» PROBLEM REQUIREMENTS
Please work out how many lines in the material contain "April" and give only that figure.

» TASK INPUTS
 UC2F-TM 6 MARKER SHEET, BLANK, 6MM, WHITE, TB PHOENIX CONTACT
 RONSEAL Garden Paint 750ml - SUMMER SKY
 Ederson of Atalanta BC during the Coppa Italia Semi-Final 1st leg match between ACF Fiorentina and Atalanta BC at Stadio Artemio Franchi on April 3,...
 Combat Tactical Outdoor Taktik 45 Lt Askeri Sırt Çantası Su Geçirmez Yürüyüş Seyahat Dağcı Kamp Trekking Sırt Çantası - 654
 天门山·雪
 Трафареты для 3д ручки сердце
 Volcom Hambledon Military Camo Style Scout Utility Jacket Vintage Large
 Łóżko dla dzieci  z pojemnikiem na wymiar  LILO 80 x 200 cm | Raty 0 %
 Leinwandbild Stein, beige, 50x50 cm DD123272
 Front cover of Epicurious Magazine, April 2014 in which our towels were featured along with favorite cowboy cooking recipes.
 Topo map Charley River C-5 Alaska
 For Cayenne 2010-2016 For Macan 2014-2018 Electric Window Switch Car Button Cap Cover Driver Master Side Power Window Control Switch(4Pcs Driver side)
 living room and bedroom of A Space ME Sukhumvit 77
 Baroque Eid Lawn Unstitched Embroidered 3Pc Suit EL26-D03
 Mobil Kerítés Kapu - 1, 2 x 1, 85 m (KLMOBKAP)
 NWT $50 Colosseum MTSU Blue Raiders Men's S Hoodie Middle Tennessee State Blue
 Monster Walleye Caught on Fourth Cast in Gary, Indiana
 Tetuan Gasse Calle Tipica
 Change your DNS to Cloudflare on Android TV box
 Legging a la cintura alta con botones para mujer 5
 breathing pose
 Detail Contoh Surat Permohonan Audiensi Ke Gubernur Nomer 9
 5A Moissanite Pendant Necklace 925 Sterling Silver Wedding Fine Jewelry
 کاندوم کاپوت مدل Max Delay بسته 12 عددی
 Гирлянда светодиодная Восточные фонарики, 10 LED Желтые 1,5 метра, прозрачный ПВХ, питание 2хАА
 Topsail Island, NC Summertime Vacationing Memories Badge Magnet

» THE ANSWER
2